2012 (1hr 41 mins)
On Zombie Appreciation Night, the third night of the Toronto After Dark Film Festival, the standout for me was The Battery. This post apocalypse zombie flick was made for $6000. Despite the low-budget, it is an effective “character driven” zombie road trip film that will unexpectedly charm and break your heart at the same time.
Ben and Mickey are ex-baseball players thrown together as a result of a zombie apocalypse. Not friends, not enemies, they tolerate each other as they move from town to town, looking for supplies on what seems like an endless, isolated camping trip. Their personalities grate on each other, with Ben, practical, primal and coarse, constantly baiting and egging on the more sensitive Mickey, who, even in the midst of their dismal surroundings, just wants to settle somewhere. When they make contact with other survivors, this event will divide the men even more in their mission to survive.
I loved how simple this film was. Flashbacks, zombie hordes and gallons of blood were not needed. When I wasn’t laughing at their bickering, all I wanted to see was whether these guys would kill each other before the zombies got to them. Straightforward and beautifully shot primarily in Kent, Connecticut, the settings really gave the actors centre stage, highlighting the tense relationship between the two men. Ben accepts their situation for what it is, and Mickey searches for something other than their next meal. This simple opposition was skillfully played by the actors with the dialogue and the use of isolation not only as a budget saver, but also as an element to keep you focused on the story at hand.
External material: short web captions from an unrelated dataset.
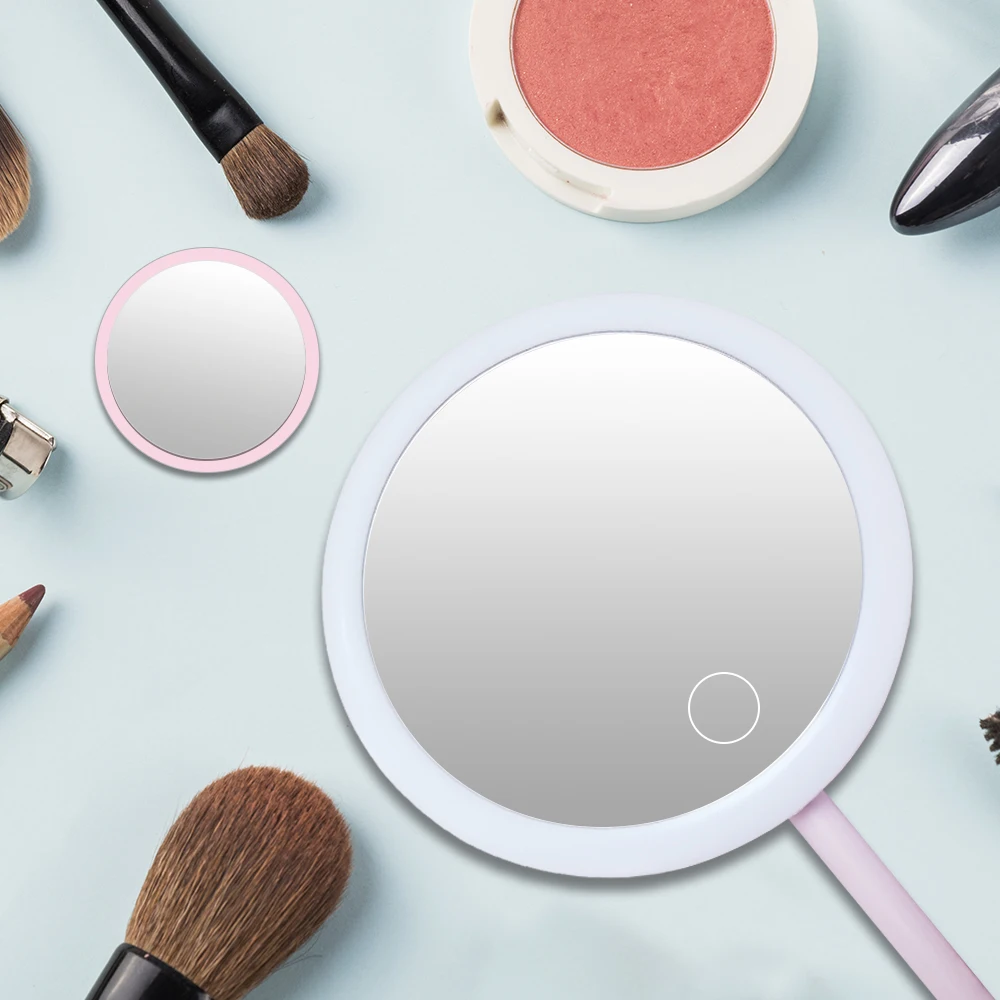 Настольное светодиодное зеркало для макияжа с 5-кратным увеличением и USB-зарядкой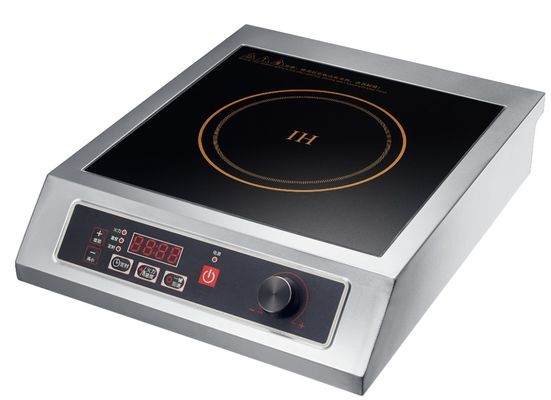 220V vierkante commerciële inductieoven 2000w met piezoelektrische keramische ontsteking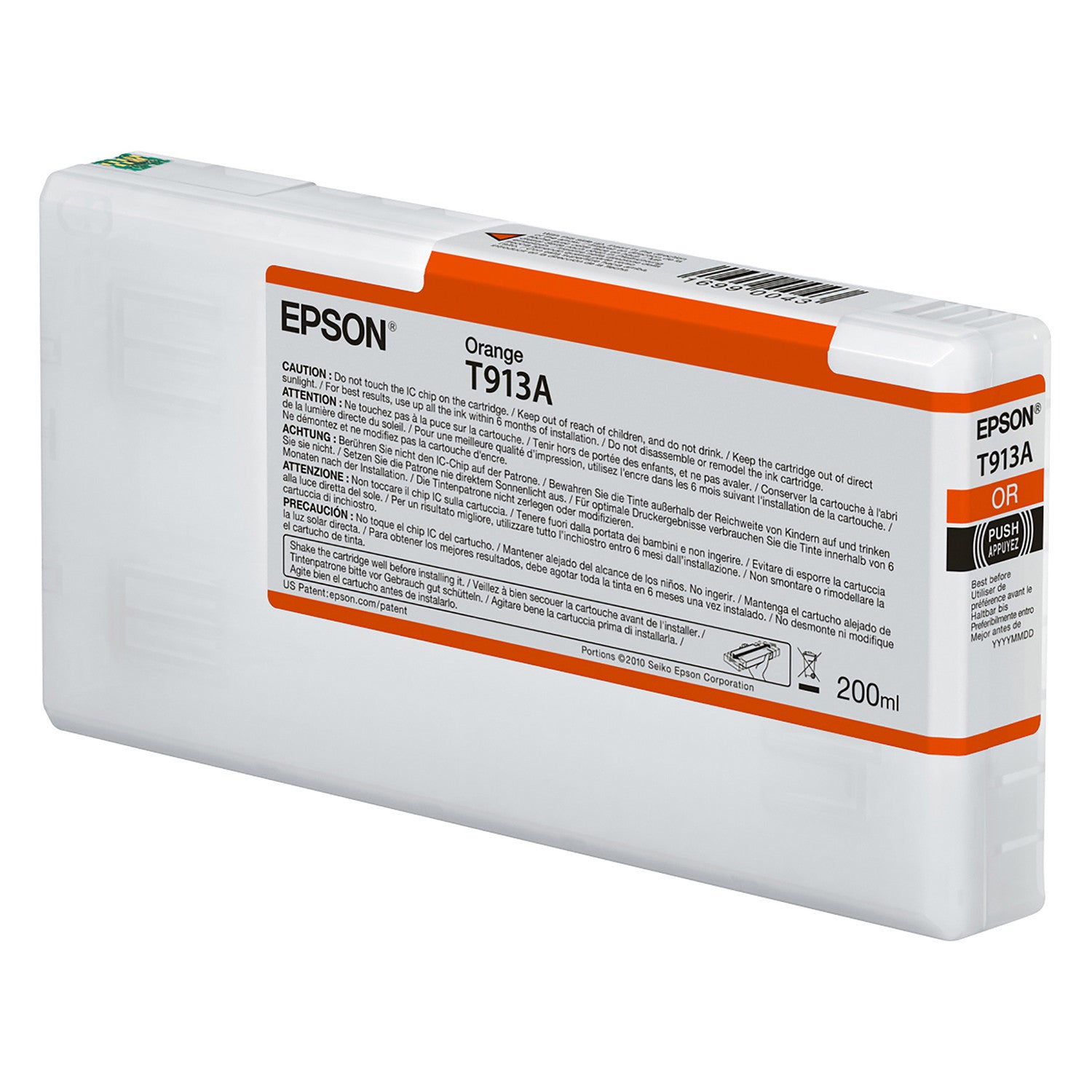 Epson T913A00 P5000 Ultrachrome HD Ink 200ml Orange, papers printer ink, Epson - Pictureline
During the Q & A after the screening, writer, director and lead actor Jeremy Gardner explained that the film came from a short he had created for a competition. He kept the budget low by making the movie about the men and not about zombies. Influenced by the film The Children of Men, Gardner wanted the story to stop when the character dynamic stopped. Adam Cronheim, his co-star and one of the film’s producers, was attracted to the character driven script, and since he was an ex-baseball player, he fit the bill to a T.
The chemistry between them was great as their real life relationship mirrored the characters. Just like Ben and Mickey, the actors didn’t know each other well before filming, which helped the character dynamic. Gardner explained that the film’s title is actually an old school term that refers to the relationship between the pitcher and catcher in baseball, which adds to the brilliant simplicity of the film. When ask about the trials of being both a lead actor and the director of the film, Gardner revealed that his D. O. P., Christian Stella, was a good friend, so he trusted him immensely, which gave Gardner the freedom to embrace both directing and acting.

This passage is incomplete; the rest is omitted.